How To Make A URL Shortener.

·

During the recent refresh of this site, I thought it would be cool to have a custom URL shortener. My motivation was simply to reduce links from the atrocity that was http://jeremygibbs.com/yyyy/mm/dd/clever-story-title to something more elegant. I decided on making use of my company’s name and personal moniker, gibbz. So with that, I purchased the http://gib.bz domain.
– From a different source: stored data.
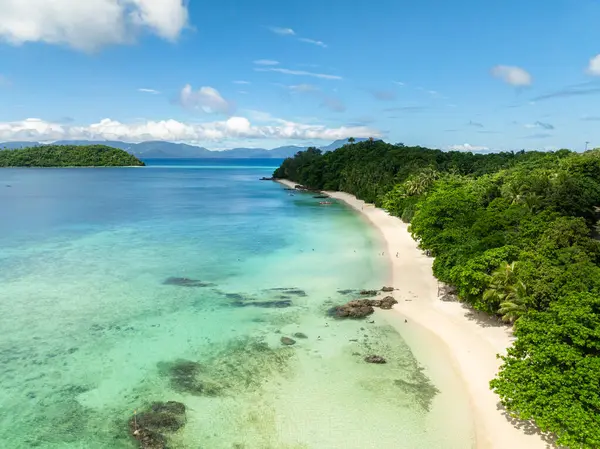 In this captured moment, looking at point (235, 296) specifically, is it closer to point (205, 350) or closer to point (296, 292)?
point (296, 292)

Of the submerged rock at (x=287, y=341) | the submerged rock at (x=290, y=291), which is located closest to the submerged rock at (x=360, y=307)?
the submerged rock at (x=290, y=291)

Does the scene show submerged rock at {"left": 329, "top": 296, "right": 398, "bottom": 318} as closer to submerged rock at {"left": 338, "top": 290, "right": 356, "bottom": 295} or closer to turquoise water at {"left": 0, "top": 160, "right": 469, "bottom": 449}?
turquoise water at {"left": 0, "top": 160, "right": 469, "bottom": 449}

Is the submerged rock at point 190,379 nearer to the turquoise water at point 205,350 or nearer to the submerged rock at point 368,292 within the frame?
the turquoise water at point 205,350

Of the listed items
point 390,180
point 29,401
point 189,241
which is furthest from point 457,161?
point 29,401

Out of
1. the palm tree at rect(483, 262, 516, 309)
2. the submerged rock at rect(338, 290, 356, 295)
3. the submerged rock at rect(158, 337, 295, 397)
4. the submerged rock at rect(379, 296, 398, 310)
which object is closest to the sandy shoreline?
the submerged rock at rect(379, 296, 398, 310)

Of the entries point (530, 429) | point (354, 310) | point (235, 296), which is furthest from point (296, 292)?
point (530, 429)
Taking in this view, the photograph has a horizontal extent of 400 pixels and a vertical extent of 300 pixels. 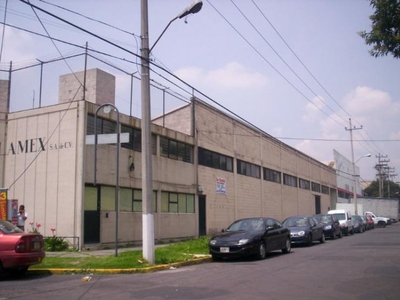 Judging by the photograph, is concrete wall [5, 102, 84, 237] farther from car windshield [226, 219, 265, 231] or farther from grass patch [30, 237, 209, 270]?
car windshield [226, 219, 265, 231]

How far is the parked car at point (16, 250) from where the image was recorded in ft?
36.3

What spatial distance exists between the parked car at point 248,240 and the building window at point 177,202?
7920mm

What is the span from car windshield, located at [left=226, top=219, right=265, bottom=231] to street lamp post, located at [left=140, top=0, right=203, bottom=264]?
4.11 metres

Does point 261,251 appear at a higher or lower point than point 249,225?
lower

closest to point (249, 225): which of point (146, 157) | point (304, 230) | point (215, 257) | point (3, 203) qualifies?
point (215, 257)

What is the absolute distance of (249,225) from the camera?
53.7ft

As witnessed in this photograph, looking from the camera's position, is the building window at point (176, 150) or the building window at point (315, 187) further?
the building window at point (315, 187)

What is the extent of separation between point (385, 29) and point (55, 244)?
45.8ft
Of course, more was required than simply owning a short domain name. There were three things I needed to solve: shortening a long URL, storing information about that long URL, and handling redirection to that long URL when the short URL is visited. There are two main methods to accomplish the task. The first is to point your domain name to a service like bit.ly and use their backend.1 The second method, and the one I chose, is to code your own solution. Here, I will describe my technique.2

Store

Before getting into the code, I needed to setup a database to store information about the long URLs that are shortened. The idea is to associate an auto-incremented ID with each URL and then map that to a short URL. The database only needs two fields, id and long_url. To find the ID, a search is made on long_url. Given my limited knowledge of MySQL, a full-table search is slow, and using a column index is best suited for short fields. In our case, long_url is set to 140 characters - certainly not short. To speed up the search, I reduced the searchable field to 32 characters by making an MD5 hash of long_url and storing it in a new indexed field, hash.
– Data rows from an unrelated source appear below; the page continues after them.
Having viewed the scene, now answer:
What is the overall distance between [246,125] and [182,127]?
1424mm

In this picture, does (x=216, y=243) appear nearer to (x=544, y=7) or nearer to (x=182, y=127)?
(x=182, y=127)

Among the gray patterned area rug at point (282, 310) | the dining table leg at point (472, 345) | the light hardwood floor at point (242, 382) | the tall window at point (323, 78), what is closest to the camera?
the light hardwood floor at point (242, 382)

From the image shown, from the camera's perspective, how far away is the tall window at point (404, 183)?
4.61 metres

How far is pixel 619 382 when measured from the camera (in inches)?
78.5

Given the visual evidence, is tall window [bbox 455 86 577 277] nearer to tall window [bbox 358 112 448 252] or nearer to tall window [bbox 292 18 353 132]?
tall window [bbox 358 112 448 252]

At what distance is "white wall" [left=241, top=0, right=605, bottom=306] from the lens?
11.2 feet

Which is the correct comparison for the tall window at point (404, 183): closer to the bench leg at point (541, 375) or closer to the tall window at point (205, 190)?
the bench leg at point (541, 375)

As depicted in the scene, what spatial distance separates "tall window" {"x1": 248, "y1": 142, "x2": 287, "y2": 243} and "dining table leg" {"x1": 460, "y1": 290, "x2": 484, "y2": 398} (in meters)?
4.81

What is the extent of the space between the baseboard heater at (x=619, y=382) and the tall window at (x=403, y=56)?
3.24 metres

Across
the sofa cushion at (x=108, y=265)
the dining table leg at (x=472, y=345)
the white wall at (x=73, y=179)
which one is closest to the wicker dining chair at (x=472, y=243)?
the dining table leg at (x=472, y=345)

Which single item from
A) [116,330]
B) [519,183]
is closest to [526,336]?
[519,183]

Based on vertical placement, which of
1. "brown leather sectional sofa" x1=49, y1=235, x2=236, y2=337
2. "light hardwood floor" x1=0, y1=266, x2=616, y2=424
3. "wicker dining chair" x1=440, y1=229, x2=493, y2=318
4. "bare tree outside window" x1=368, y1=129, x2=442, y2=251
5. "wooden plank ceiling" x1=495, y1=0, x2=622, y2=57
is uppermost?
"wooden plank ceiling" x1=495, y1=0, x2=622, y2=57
This is the code I used to create the MySQL table:

CREATE TABLE urls 
(
	id        INT           NOT NULL  AUTO_INCREMENT,
	long_url  VARCHAR(140)  NOT NULL,
	hash      CHAR(32)      NOT NULL,
	
	PRIMARY KEY (id),
	INDEX hash (hash)
) ENGINE=InnoDB;

Shorten

I needed a way to map a short alphanumeric string to the numeric ID in the MySQL table, but I wasn’t quite sure where to start. I found a great post on Stack Overflow that described the idea. Basically, I needed to create a bijective function such that each ID is mapped to exactly one long URL and each long URL is matched to only one ID.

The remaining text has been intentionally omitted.